The announcement of Amazon’s $13.7 billion acquisition of Whole Foods capped an eventful week in the grocery industry. German-owned discount grocer Aldi says it will invest $3.4 billion to expand to 2,500 stores — up from 1,600 stores today — by 2022 as part of its plan to become the third-largest grocery chain in the U.S. by store count. And Kroger, the number-one supermarket chain in the world by revenue, reported its second straight quarter of declining same-store sales.

The grocery industry, including lifestyle grocers like Whole Foods, has been facing new challenges for share of wallet thanks to increased competition and changing customer preferences to small format retailers (discount, convenience, and drug) and online players (Amazon). Consumer grocery store trips are up only .5 percent YOY, while discount store trips are up 2.9 percent YOY.

Since 2007, Amazon has been expanding its touch points into grocery through a variety of offerings, including AmazonFresh, which is now available in 20 cities for same-day or next-day home delivery; Amazon Prime Pantry, where Prime members can shop for groceries and household products in everyday package sizes; and Amazon Prime Now, which can quickly deliver fruits, vegetables, meats and other groceries through local supermarket partnerships. Some 50% of online grocery in the U.S. is now driven by Amazon Prime.

Causing disruption in an already fluctuating industry

JDA predicts the Amazon acquisition of Whole Foods will disrupt the grocery industry through competitive pricing, innovation and technology, an increased online presence, and by instigating other mergers, acquisitions, and closings.

As Amazon makes Whole Foods more competitive in pricing it will disrupt what has become a growing segment for their competitors (fresh, organic, local, gourmet) who have taken market share from Whole Foods and have continued to expand out their offerings. It also means further erosion of already thin margins in an environment of consumer-driven price deflation.

The introduction of technology-driven convenience and a differentiated shopping experience will put pressure on competitors to keep up, driving quicker adoption of IoT and other digital strategies.  This will force retailers to increase their technology and store renovation spends.

Amazon will find innovative ways to marry this new physical asset with its market leading online presence. With U.S. buy online pickup in store volumes currently registering lower than 3 percent, the stage is set for Amazon/Whole Foods to make a major change in how online has been viewed in grocery. Amazon’s Dash Wand, Dash Buttons, and Echo could become major elements of a combined digital/physical strategy.

Pricing strategies, technology, and an online presence will all put pressure on grocers to achieve scale and efficiency. Smaller players that cannot define a niche will become targets for acquisition as will larger players who cannot quickly embrace the new reality in grocery.
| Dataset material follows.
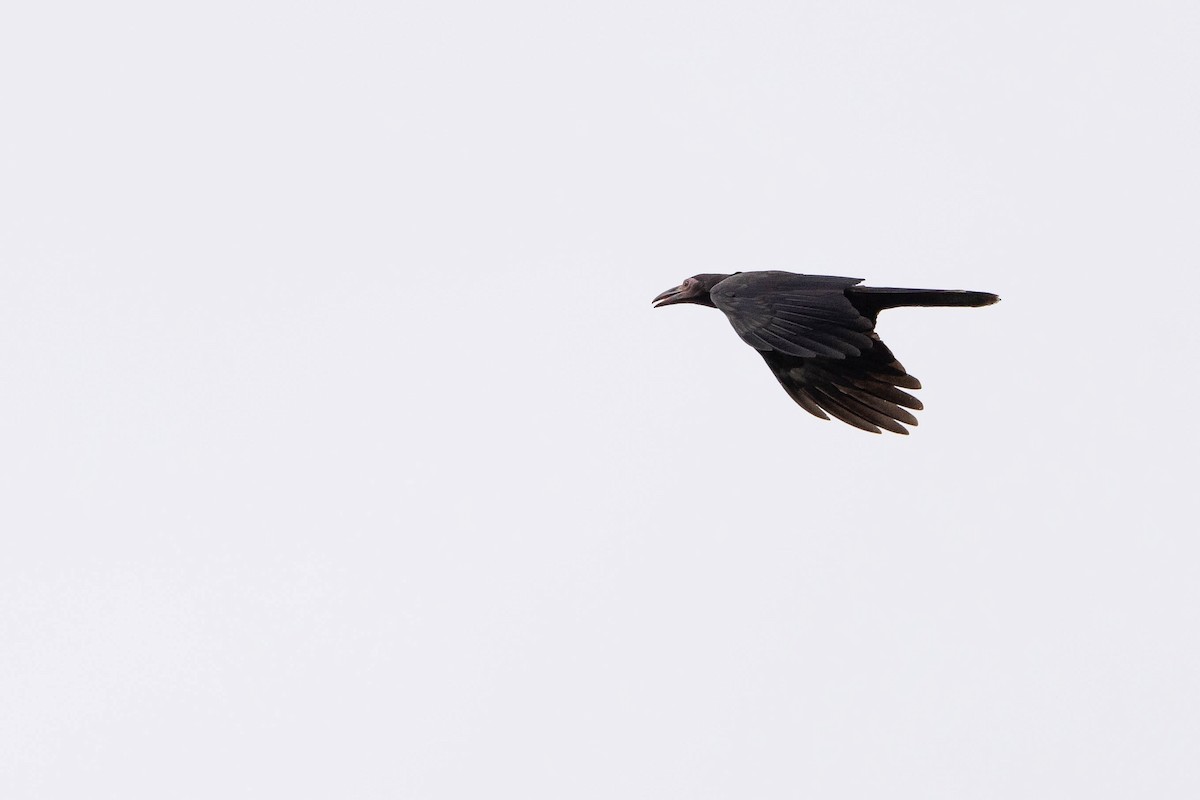Gray Crow - ML641206555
Making a high-stakes wager on profitability

This acquisition does pose potential risk for Amazon, however. In addressing the pricing disparity that’s always existed between Whole Foods and other grocers – many of whom have moved into the organic and gourmet space that Whole Foods occupies and taken market share – Amazon must demonstrate that it can drive profitability and operational efficiency within its retail operations. The acquisition of Whole Foods makes this a very public experiment as opposed to the purchase of a smaller, regional grocer or wholesale club. When looking at Amazon’s history we cannot assume that Whole Foods will be the only grocery acquisition for Amazon. It may soon set its sights on other vulnerable players in the industry.